_Exercise description_: Scan the material below and copy every line holding the word "Pink".

_Extracted material_:

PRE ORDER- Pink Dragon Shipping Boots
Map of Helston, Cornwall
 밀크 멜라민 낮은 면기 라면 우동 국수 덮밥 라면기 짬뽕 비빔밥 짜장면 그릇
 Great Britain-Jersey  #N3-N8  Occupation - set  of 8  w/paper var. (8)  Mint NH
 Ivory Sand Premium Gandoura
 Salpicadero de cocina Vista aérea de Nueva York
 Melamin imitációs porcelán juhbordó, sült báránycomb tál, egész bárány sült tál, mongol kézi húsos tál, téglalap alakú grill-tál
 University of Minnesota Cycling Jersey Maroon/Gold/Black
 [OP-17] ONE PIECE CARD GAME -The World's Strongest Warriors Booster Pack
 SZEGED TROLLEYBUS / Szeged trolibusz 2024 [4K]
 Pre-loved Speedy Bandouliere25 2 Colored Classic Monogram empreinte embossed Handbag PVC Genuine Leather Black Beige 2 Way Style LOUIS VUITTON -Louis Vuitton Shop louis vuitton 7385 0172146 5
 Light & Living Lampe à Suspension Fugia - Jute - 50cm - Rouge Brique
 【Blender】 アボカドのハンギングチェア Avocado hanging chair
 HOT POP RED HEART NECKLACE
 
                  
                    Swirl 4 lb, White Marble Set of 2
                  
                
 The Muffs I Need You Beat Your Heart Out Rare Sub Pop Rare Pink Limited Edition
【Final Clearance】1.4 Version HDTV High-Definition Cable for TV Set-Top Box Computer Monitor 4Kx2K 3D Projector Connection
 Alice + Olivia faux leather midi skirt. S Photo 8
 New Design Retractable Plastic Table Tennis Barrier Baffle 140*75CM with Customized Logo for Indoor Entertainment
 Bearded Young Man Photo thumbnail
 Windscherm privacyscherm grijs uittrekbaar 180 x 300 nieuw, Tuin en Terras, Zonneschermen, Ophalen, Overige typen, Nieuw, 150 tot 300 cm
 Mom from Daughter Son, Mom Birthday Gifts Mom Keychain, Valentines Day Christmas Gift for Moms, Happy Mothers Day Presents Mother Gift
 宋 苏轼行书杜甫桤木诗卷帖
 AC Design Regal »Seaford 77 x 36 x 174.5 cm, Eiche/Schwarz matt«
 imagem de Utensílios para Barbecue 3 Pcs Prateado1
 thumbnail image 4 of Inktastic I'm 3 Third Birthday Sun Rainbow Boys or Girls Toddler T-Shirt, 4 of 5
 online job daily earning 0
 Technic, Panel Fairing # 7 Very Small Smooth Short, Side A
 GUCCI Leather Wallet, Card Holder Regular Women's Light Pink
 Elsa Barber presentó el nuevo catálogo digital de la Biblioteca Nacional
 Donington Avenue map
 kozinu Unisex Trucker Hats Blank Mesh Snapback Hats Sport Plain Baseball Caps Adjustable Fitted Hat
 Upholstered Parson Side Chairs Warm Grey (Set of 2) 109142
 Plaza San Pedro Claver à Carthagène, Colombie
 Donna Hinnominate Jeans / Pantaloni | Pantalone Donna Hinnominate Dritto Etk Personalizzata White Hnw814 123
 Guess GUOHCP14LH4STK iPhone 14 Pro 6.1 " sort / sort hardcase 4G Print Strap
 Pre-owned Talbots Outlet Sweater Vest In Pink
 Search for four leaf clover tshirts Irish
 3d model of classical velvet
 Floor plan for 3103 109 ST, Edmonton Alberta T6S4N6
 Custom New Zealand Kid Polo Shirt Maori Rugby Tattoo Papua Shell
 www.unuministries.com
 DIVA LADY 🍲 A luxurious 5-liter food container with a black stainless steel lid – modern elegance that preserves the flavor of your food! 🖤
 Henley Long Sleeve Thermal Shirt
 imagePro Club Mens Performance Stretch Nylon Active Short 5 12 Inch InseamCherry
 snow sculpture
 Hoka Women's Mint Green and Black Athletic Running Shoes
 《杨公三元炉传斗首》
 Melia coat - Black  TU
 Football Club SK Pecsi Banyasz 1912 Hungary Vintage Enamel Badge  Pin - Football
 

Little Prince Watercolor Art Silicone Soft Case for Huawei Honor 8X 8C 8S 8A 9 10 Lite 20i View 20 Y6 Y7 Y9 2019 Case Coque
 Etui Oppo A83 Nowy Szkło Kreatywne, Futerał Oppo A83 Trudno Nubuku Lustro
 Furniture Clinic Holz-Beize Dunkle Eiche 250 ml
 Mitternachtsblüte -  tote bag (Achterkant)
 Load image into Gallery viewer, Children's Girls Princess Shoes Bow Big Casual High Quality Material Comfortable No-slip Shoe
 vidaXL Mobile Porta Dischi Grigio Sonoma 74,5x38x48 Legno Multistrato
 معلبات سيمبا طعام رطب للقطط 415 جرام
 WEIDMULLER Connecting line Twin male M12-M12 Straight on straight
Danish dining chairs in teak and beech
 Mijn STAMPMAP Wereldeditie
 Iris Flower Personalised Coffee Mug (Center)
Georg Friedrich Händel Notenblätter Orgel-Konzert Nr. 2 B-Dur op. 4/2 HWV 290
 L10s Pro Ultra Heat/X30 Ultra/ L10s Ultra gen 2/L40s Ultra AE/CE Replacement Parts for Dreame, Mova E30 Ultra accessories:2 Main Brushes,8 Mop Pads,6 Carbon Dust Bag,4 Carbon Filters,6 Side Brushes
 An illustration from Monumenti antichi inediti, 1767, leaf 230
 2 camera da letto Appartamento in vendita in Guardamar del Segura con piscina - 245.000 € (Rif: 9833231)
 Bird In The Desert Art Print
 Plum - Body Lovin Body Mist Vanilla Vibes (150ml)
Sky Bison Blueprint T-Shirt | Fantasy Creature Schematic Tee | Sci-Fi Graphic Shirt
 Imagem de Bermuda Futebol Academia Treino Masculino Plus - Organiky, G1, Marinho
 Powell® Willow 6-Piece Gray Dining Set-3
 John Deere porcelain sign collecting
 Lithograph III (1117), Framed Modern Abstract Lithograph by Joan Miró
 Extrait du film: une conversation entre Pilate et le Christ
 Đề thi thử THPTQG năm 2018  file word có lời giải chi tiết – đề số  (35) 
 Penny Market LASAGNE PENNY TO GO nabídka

_Result for this task_:
PRE ORDER- Pink Dragon Shipping Boots
 The Muffs I Need You Beat Your Heart Out Rare Sub Pop Rare Pink Limited Edition
 GUCCI Leather Wallet, Card Holder Regular Women's Light Pink
 Pre-owned Talbots Outlet Sweater Vest In Pink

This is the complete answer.